**** Input material ****
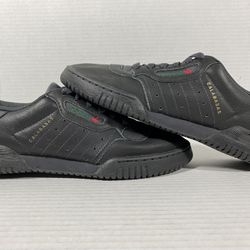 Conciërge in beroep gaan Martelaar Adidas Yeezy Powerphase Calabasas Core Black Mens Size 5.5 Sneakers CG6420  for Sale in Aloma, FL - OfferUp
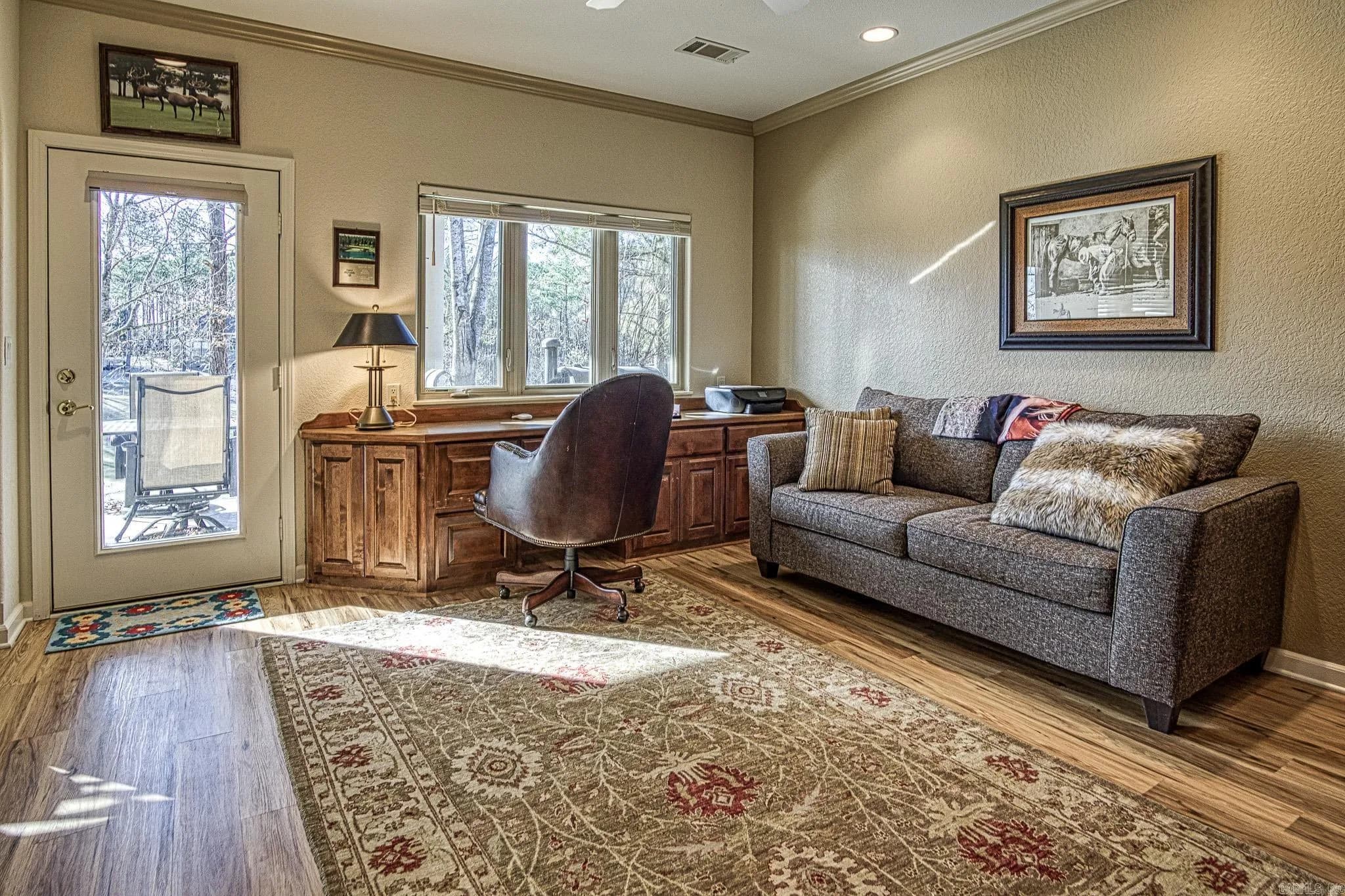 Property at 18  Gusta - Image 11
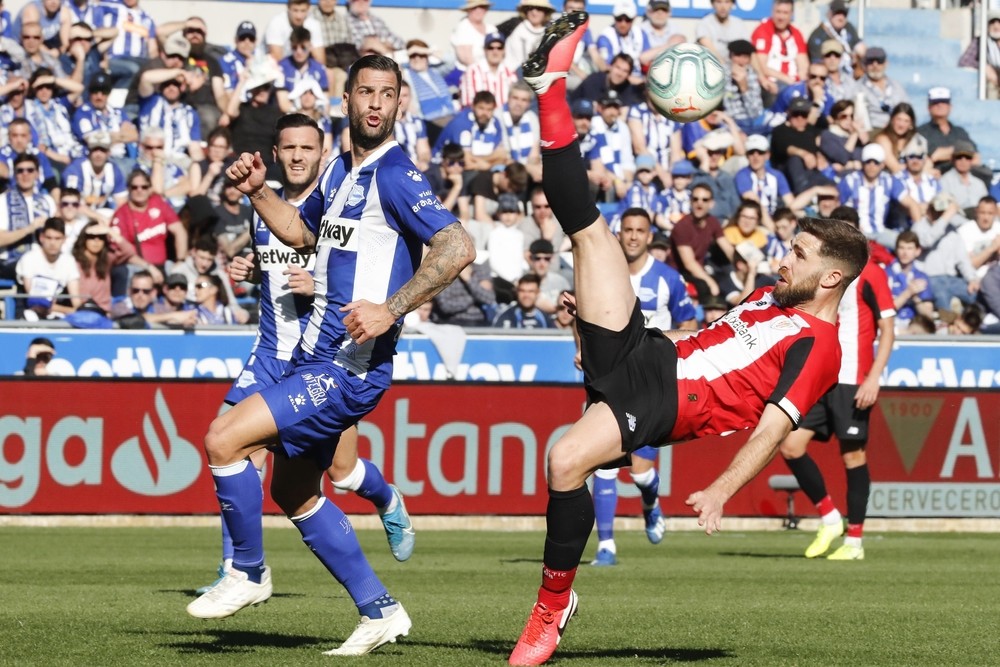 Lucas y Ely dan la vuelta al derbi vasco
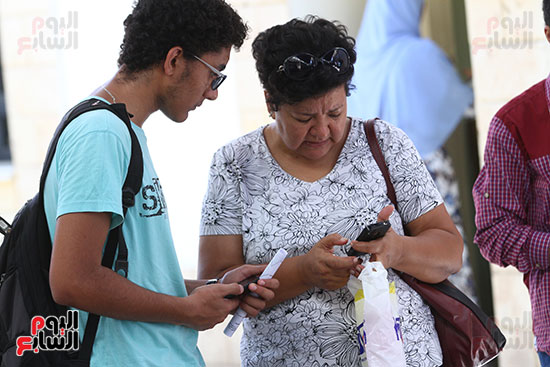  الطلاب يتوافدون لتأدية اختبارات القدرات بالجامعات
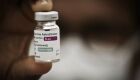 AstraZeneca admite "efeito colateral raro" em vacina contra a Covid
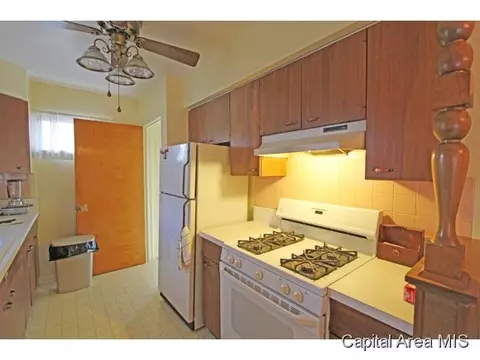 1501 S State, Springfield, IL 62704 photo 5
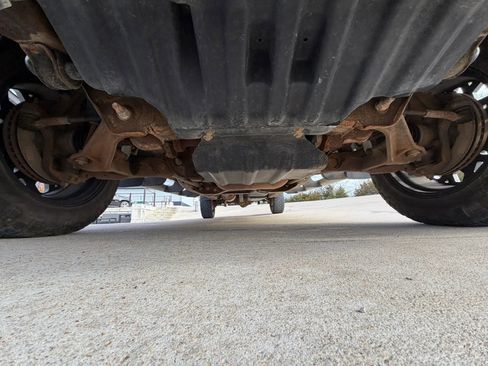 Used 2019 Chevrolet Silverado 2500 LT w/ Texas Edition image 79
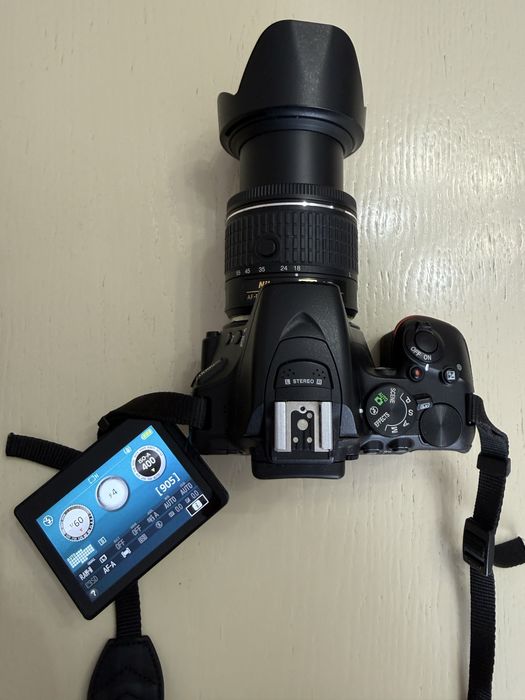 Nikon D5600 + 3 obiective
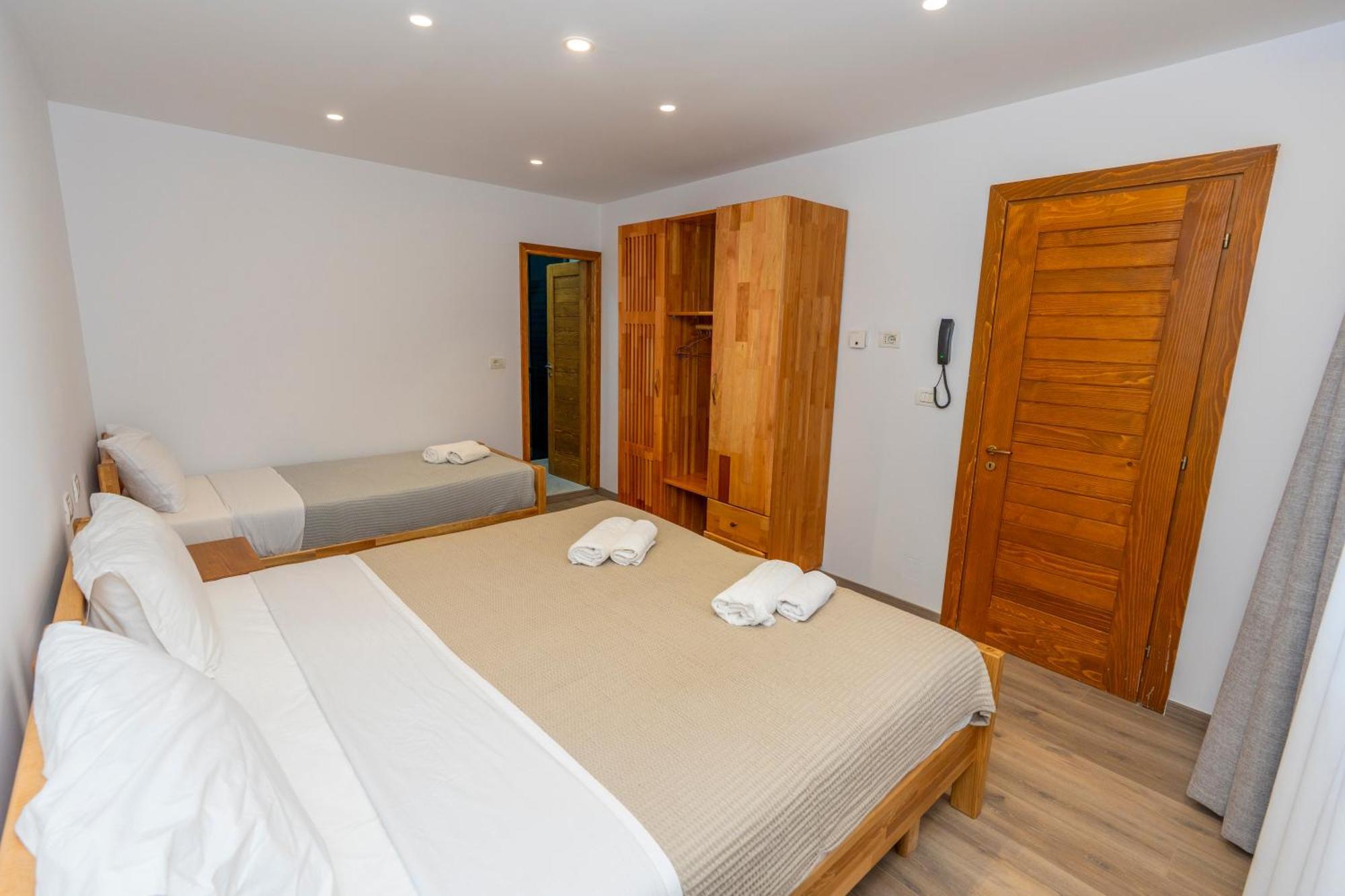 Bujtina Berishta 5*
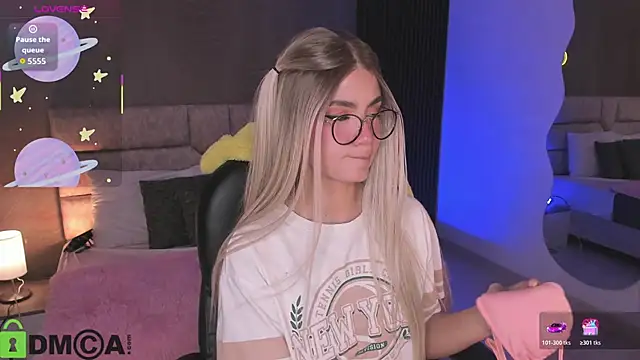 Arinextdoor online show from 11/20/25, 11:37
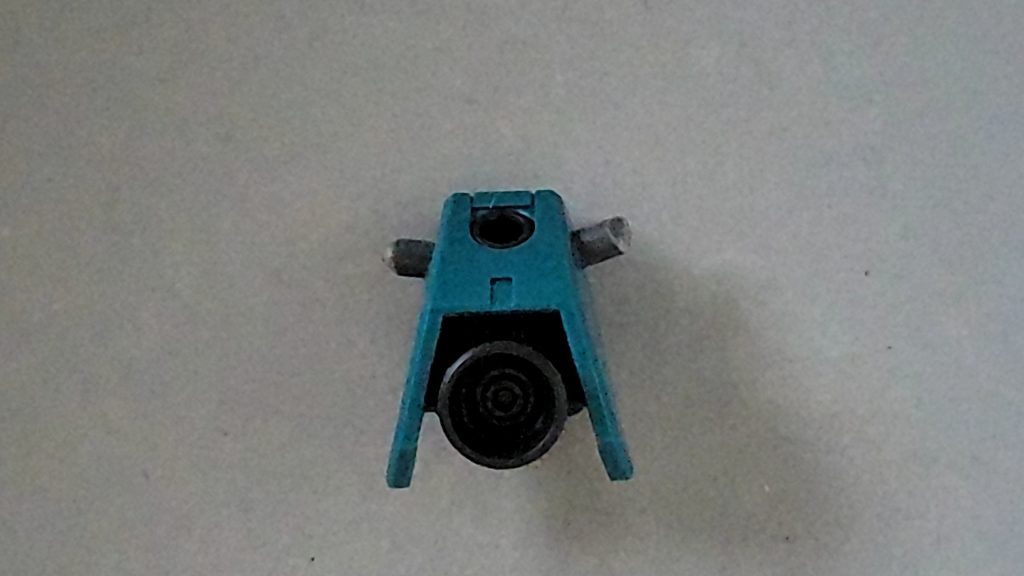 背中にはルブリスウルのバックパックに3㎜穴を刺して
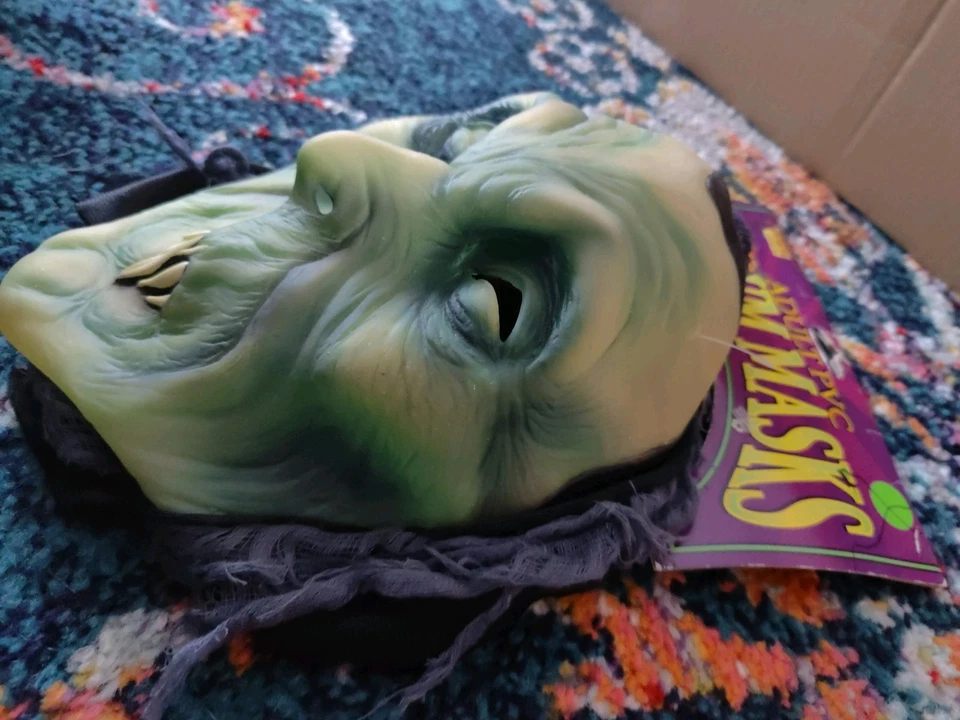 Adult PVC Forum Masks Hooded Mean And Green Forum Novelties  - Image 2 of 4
****
*Assignment*.
Both the line containing "背中にはルブリスウルのバックパックに3㎜穴を刺して" and the last line of the records above belong in the exact copy, along with every line between them; pictures do not.

*Reply*.
 背中にはルブリスウルのバックパックに3㎜穴を刺して
 Adult PVC Forum Masks Hooded Mean And Green Forum Novelties  - Image 2 of 4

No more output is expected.